Our gospel in Matthew 14:22-33 give us the account of our Lord walking on the water. Evening was coming on. Jesus had just finished His miracle of the fishes and loaves, when He sends the disciples out in the boat to cross the sea of Galilee. A vicious storm comes up and, at 3 A.M., we find the twelve still battling the waves. These guys are terrified! Just as the disciples are going through their trials, we find that life can be exceedingly difficult for us also. Doing the right thing is not always easy. God will put us in challenging situations. The Bible encourages us to stay with it. Help is never far away. Then, through the darkness, the disciples cry out in astonishment! It’s impossible! Can it be? Jesus is coming toward them walking on the water. “Don’t be afraid,” He reassures. Seeing Jesus, Peter wants to do the impossible too. The Lord grants permission and Peter steps out of the boat onto the water. It’s all going so well. He’s almost reached Jesus, then fear takes over and starts to drag him down. He cries out and the Lord catches him. Disappointed in the result, but probably encouraged at the attempt, He takes Peter back to the boat. The storm abruptly stops. The test is over. It’s all a matter of fear vs. faith. Fear happens when we cannot control the situation. Faith is giving control over to another and following their lead. Without faith, it is impossible to please God (Hebrews 11:6). Any one of those guys could have asked to walk on the water, but they didn’t. If you want to follow Jesus, you need to get out of the boat. It is scary, but don’t worry. He’s got you!

Our Old Testament reading is about the prophet, Elijah. Now, here’s a man of great faith, fresh off a demolishing showdown at Mt. Carmel between himself and the 450 priests of the false god, Baal, in 1 Kings 18:20-40. But instead of this victory leading to a national revival back to Jehovah, he finds himself on the run for his life from the vengeful queen, Jezebel. It has been a long road for Elijah, and he is exhausted. Our reading picks up in 1 Kings 19:9-13, with the depressed prophet in the back of a cave.  “What are you doing here?” God asks. Elijah regals the Lord with a laundry list of poor me’s. The Almighty leads him to the cave’s mouth where the He puts on a tremendous display of power. Impressive, but it is God’s gentle voice that makes the impact on His prophet. “Elijah, what are you doing here?” He asks again. Serving God can take its toll on us, but it doesn’t have to. I’ve heard some people in their religious zeal boast that they would rather burn out than rust out. Great intentions, but in the end, you are still out! Don’t neglect time off. Take your Sabbaths. You’ll be much more useful. Along with overworking, unrealized expectations lead to depression. It is not unusual for us to project fantastic outcomes in our vocations and we feel let down when things don’t go according to our plan. God wants you to serve Him with joy. So, shelve your ego. There are two lessons here in our reading. First, the Lord knows your limits, let Him do the heavy lifting. It’s His work! Second, listen to His still small voice for guidance. Stay on course. It’s His plan and whenever things go off track, ask yourself, “What am I doing here?”

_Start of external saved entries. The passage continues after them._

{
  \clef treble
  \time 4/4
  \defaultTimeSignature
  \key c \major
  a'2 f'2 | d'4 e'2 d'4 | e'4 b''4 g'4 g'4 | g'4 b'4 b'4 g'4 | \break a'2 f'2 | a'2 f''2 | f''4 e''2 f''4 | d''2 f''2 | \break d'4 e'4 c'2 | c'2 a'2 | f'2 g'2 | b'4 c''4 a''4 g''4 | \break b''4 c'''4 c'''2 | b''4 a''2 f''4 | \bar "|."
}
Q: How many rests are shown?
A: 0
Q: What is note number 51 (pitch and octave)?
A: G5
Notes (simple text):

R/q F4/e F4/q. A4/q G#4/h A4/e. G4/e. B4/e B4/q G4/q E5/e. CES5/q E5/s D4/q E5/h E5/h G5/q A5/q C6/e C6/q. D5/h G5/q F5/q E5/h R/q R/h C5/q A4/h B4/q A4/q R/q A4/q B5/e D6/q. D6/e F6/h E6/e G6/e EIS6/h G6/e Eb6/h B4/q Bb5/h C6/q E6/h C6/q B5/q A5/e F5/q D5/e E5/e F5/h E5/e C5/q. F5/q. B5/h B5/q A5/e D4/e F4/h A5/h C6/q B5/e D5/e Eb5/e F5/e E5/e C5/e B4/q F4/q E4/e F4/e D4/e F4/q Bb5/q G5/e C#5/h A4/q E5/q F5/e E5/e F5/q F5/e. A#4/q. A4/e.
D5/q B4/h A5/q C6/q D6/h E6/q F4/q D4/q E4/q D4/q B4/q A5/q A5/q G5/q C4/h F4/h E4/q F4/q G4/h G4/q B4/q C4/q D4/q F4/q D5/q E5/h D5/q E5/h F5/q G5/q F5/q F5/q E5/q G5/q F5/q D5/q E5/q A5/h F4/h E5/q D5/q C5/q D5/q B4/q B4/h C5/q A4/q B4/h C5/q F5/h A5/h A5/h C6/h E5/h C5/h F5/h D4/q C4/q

The God who gave His Son for us will freely give us whatever we need to live for Him.  He promised to never leave or forsake us. So, trust Him for salvation in Christ, step out in faith, and listen to His voice. Let His power accomplish His results in you. He didn’t bring you this far to drop you now. 

2 thoughts on “Never Alone

  1. Farmer

    Well written explanation and use of the verses. I appreciate the time put into these and just to prove I read it I found the typo, (reading in Romans 85:9-14,). Still praying for you and the family.